Most lecturers preface their discourses on music with a history of music, but as well introduce an essay on virtue with a history of virtue.[343] As if the possible combinations of sound, the last wind that sighed, or melody that waked the wood, had any history other than a perceptive ear might hear in the least and latest sound of nature! A history of music would be like the history of the future; for so little past is it, and capable of record, that it is but the hint of a prophecy. It is the history of gravitation. It has no history more than God. It circulates and resounds forever, and only flows like the sea or air. There might be a history of men or of hearing, but not of the unheard. Why, if I should sit down to write its story, the west wind would rise to refute me. Properly speaking, there can be no history but natural history, for there is no past in the soul but in nature. So that the history of anything is only the true account of it, which will be always the same. I might as well write the history of my aspirations. Does not the last and highest contain them all? Do the lives of the great composers contain the facts which interested them? What is this music? Why, thinner and more evanescent than ether; subtler than sound, for it is only a disposition of sound. It is to sound what color is to matter. It is the color of a flame, or of the rainbow, or of water. Only one sense has known it. The least profitable, the least tangible fact, which cannot be bought or cultivated but by virtuous methods, and yet our ears ring with it like shells left on the shore.
March 11. Friday. Chaucer's familiar, but innocent, way of speaking of God is of a piece with his character. He comes readily to his thoughts without any false reverence. If Nature is our mother, is not God much more? God should come into our thoughts with no more parade than the zephyr into our ears. Only strangers approach him with ceremony. How rarely in our English tongue do we find expressed any affection for God! No sentiment is so rare as love of God,—universal love. Herbert is almost the only exception. "Ah, my dear God," etc. Chaucer's was a remarkably affectionate genius. There is less love and simple trust in Shakespeare. When he sees a beautiful person or object, he almost takes a pride in the "maistry" of his God.[344] The Protestant Church seems to have nothing to supply the place of the Saints of the Catholic calendar, who were at least channels for the affections. Its God has perhaps too many of the attributes of a Scandinavian deity.
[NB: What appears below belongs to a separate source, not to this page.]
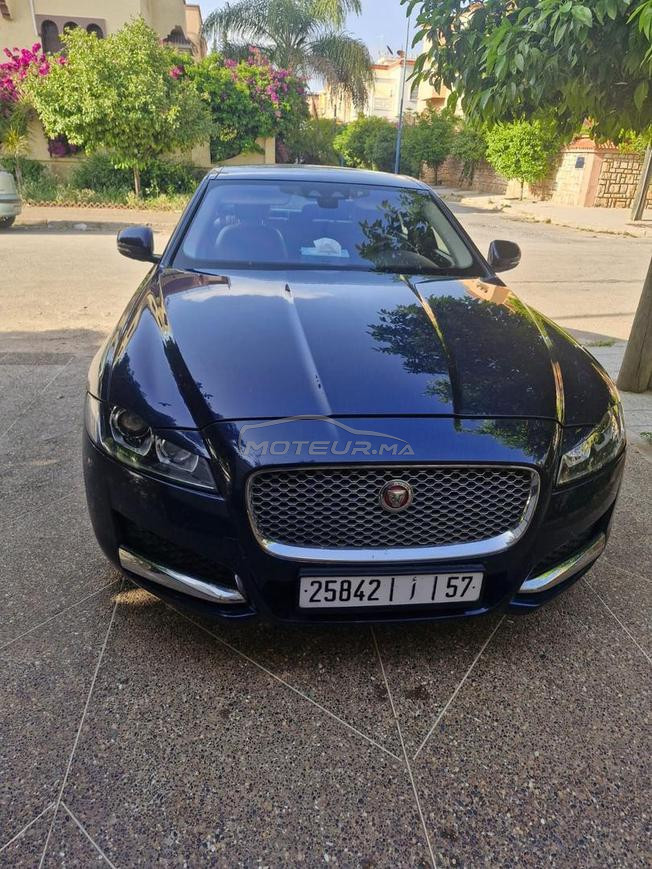 JAGUAR XF 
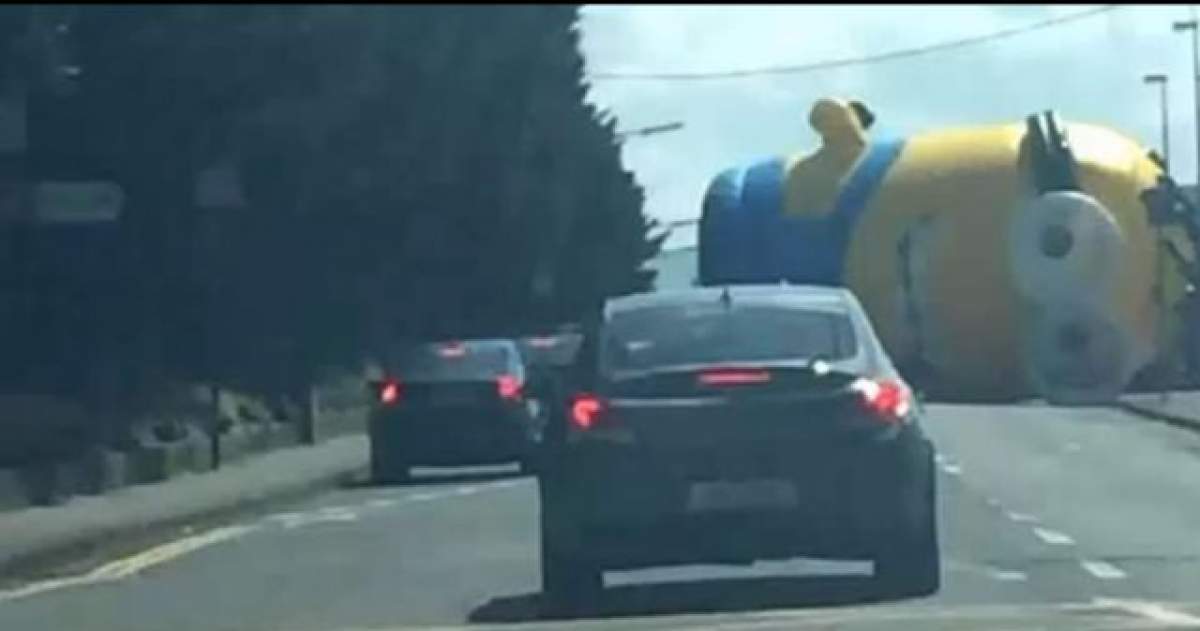 VIDEO / Panică în Dublin! Traficul a fost blocat de un Minion uriaş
We can only live healthily the life the gods assign us. I must receive my life as passively as the willow leaf that flutters over the brook. I must not be for myself, but God's work, and that is always good. I will wait the breezes patiently, and grow as Nature shall determine. My fate cannot but be grand so. We may live the life of a plant or an animal, without living an animal life. This constant and universal content of the animal comes of resting quietly in God's palm. I feel as if [I] could at any time resign my life and the responsibility of living into God's hands, and become as innocent, free from care, as a plant or stone.
My life, my life! why will you linger? Are the years short and the months of no account? How often has long delay quenched my aspirations! Can God afford that I should forget him? Is he so indifferent to my career? Can heaven be postponed with no more ado? Why were my ears given to hear those everlasting strains which haunt my life, and yet to be prophaned much more by these perpetual dull sounds?